D. Pledgor's Rights in the Pledged Collateral Before Default. So long as no
event of default (as such term is used in the Note) shall have occurred and be
continuing and Pledgor is in full compliance with the terms hereof:
1. Pledgor shall be entitled to receive and retain any distributions
paid in respect of the Collateral, if such distributions are not prohibited
under the Note.
2. Pledgor may exercise all voting rights, if any, pertaining to the
Collateral for any purpose not inconsistent with the terms hereof or of the
Obligations or the Note.

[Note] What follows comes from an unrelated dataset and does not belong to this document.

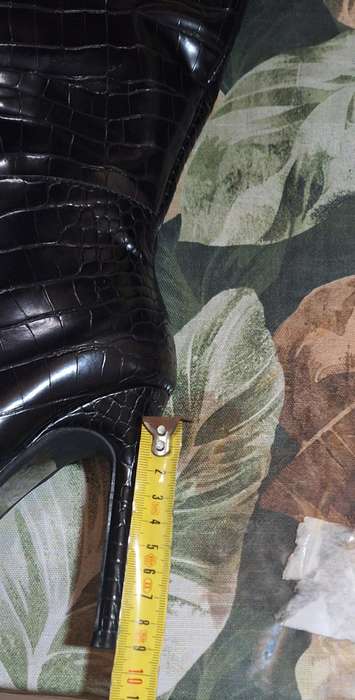 Black Wide Fit PU Croc Point Toe High Stiletto Heeled Knee Boots UK 4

In the event any Collateral has been transferred
into the name of Lender or a nominee or nominees of Lender prior to the
occurrence of such event of default, Lender or its nominee shall execute
and deliver upon request of Pledgor an appropriate proxy in order to permit
Pledgor to vote, if applicable, the same.
E. Further Assurances. Pledgor shall from time to time promptly take all
actions (and execute, deliver and record all instruments and documents)
necessary or appropriate or requested by Lender, to continue the validity,
enforceability and perfected status of the pledge of the Collateral hereunder or
to enable Lender to exercise and enforce the rights and remedies hereunder with
respect to any of the Pledged Collateral.
F. Lender's Duties Toward Collateral. Lender shall be under no obligation
to take any actions and shall have no liability (except for gross negligence or
willful misconduct) with respect to the preservation or protection of the
Collateral or any underlying interests represented thereby as against any prior
or other parties. In the event Pledgor requests that Lender take or omit to take
action(s) with respect to the Collateral, Lender may refuse so to do with
impunity if Pledgor does not, upon request of Lender, post sufficient,
creditworthy indemnities with Lender which, in Lender's sole discretion, are
sufficient to hold it harmless from any possible liability of any kind in
connection therewith.
G. Waivers by Pledgor. Pledgor agrees that Lender, at any time and without
affecting its rights in the Collateral and without notice to Pledgor, may grant
any extensions, releases or other modifications of any kind respecting the Note,
the Obligations and any Collateral. Pledgor, except as otherwise provided herein
or in the Note, waives all notices of any kind in connection with the
Obligations, the Note and any changes therein or defaults or enforcement
proceedings thereunder, whether against Pledgor or any other party. Pledgor
hereby waives any rights it has at equity or in law to require Lender to apply
any rights of marshalling or other equitable doctrines in such circumstances.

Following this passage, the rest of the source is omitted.